Los cada vez más grandes hiatos políticos del gobierno de PPK, en realidad lo trascienden. La expectativa que generó la democracia, hace más de década y media, terminó en resultados desalentadores para lo que conocemos como «calidad democrática» señalado, entre otros instrumentos, por el Latinobarómetro. Primero se buscó adjetivar a la categoría «democracia» para tratar de definir sus debilidades, para luego desechar esa vía y, con O´Donnell, aceptar que era más pertinente rastrear la trayectoria de los procesos de democratización que buscar una conceptualización imposible.

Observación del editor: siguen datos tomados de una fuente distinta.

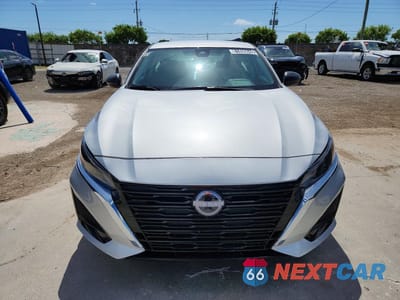 Piąte zdjęcie samochodu w środku: 2025 NISSAN ALTIMA SV VIN:1N4BL4DV2SN418729 - miniatura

Así, en la línea de lo que propusieron Morlino y Diamond, tanto las entidades encargadas de monitorear el desempeño democrático en los países del hemisferio –Latinobarómetro, Idea International, Transparencia Internacional– como los acuerdos y metas que convinieron los gobiernos latinoamericanos en las cumbres de las Américas, prestaron mucha atención al establecimiento de ejes e indicadores para «medir» esta performance y tener de esta manera criterios «objetivos» respecto a los avances en la dicha «calidad democrática» como transparencia, libertad de expresión, justicia básica, descentralización, participación ciudadana, entre los aspectos más importantes. Luego, finalizada la primera década del siglo XXI, emergerá la seguridad ciudadana como el tema preponderante.

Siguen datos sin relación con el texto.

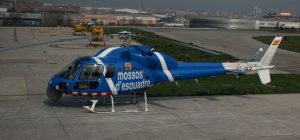 helicóptero antiguo mosso d'esquadra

Finalmente, ni una ni otra vía pudo ofrecer claves más o menos contundentes para entender lo que estaba aconteciendo. A estas alturas, está clarísimo que estas maneras de concebir la democratización tuvieron, al menos, dos deficiencias ideológicas:
- a. La desvinculación entre la dimensión política y la dimensión económica. La fantasía tecnocrática neo-liberal descansaba en la eficiencia que podía adquirir la economía si se evitaban las «distorsiones políticas» y nada mejor para ello que reducir el aparato de Estado a su mínima expresión en tanto el mercado es concebido como «el mejor asignador de recursos».
- b. La abstracción de los actores sociales y, en el mejor de los casos, suponer que los participantes en la «mesa democrática» tienen el mismo poder y la posibilidad de arribar a consensos, superando el conflicto y haciendo inútil, por tanto, la política.
Bajo estos supuestos, no es difícil suponer que las comprensiones sobre las democracias «realmente existentes» que empezaron a diseñarse en las últimas décadas eran excesivamente formalistas y compartimentalizaban lo político como un espacio «técnico» solamente capaz de gestionarse a través de una supuesta burocracia capacitada y, además, como un espacio desvinculado de las dimensiones económica y social, como si pudiera comprenderse por sí mismo.
En ese sentido, las amenazas que se oponen a una democracia de calidad se leen como «externalidades» al sistema, ante las cuales debía diseñarse una respuesta que generalmente se ha fraseado en términos bélicos: «guerra contra la corrupción», «guerra contra la delincuencia», entre otras.
Sin embargo, pocas veces se ha intentado explicar el ostensible vaciamiento de la democracia como producto de las propias contradicciones que genera el sistema entre una dimensión económica plenamente controlada por los grandes grupos empresariales; un Estado «capturado» por estas entidades o, en su defecto, ausente, y dejando prácticamente solas a las empresas y la sociedad para que entablen entre ellas compromisos privados o desaten conflictos al margen de la gestión deseable desde los aparatos públicos; además del debilitamiento de las organizaciones sociales cuya capacidad para participar en las toma de decisiones es menguante.
En conclusión, las amenazas a la calidad democrática se generan dentro del sistema y son expresiones de los límites que no pueden trascenderse sin poner en peligro la pauta de acumulación establecida. De esa manera, el crecimiento económico, que tiene como base las actividades extractivas, no puede garantizar un mínimo decalidad ambiental; el sistema tributario no puede ser progresivo por la imposibilidad real del Estado de imponer tasas justas sobre la renta en lugar de obtener sus ingresos de impuestos indirectos; las inversiones en salud y educación serán muy bajas porque no son necesarias para reproducir el trabajo; se mantendrán bajas tasas de crecimiento de empleo porque, como ya bastante décadas atrás lo planteó Quijano, desde el capitalismo periférico no generamos ejércitos industriales de reserva, sino poblaciones marginales. Todo ello impactará ostensiblemente a la representación y representatividad política lo cual deslegitima a las autoridades y provoca un gran distanciamiento entre el Estado y la sociedad.